- **EXERCISE DIRECTIONS**:
Leave out the pictures and retype exactly the lines from the line with "Kapal tanker minyak/kimia untuk dijual" through the end of the listing below.

++++ EXTRACTED ENTRIES

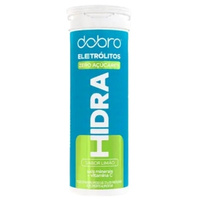 Hidra Iso Limão 10 Tabletes Dobro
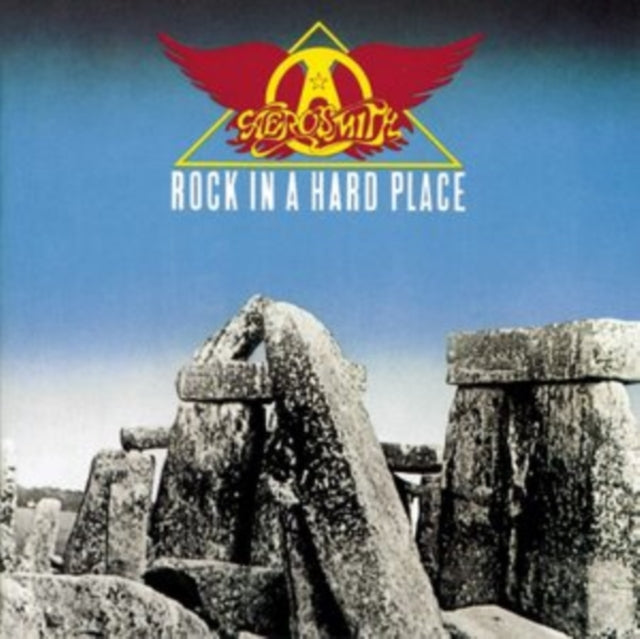 Toys In The Attic & Rock In A Hard Place & Live! Bootleg (2LP)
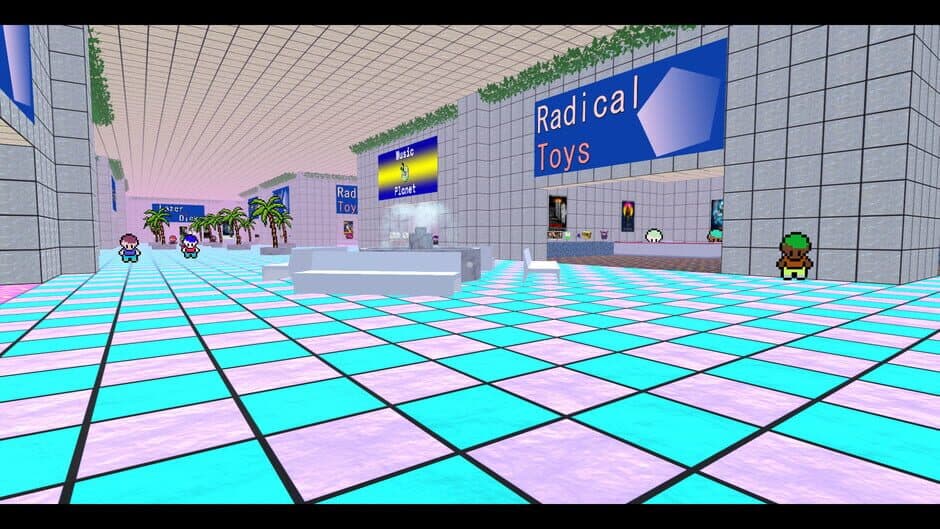 Скриншот 4 из Sunset Mall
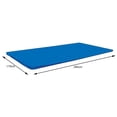 thumbnail image 4 of YAOMOBB Debris Pool Cover Inflatable Pool Cover Anti UV Scratch Resistant Tear Resistant Rainproof Waterproof Reusable Thick Family Pool Protection, 4 of 6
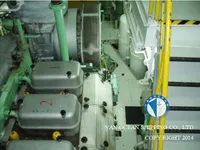 Kapal tanker minyak/kimia untuk dijual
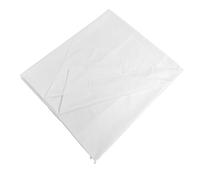 CIYODO 1 Pz Sfondo Bianco Panno Sfondo Fotografico Scena Prop Tessuto Bianco Decorativo Panno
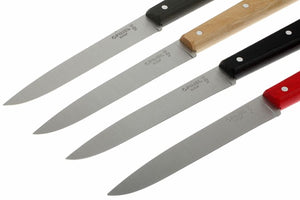 Cofanetto 4 coltelli da tavola OPINEL Bon Appetit Loft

++++++++

- **RESULT**:
 Kapal tanker minyak/kimia untuk dijual
 CIYODO 1 Pz Sfondo Bianco Panno Sfondo Fotografico Scena Prop Tessuto Bianco Decorativo Panno
 Cofanetto 4 coltelli da tavola OPINEL Bon Appetit Loft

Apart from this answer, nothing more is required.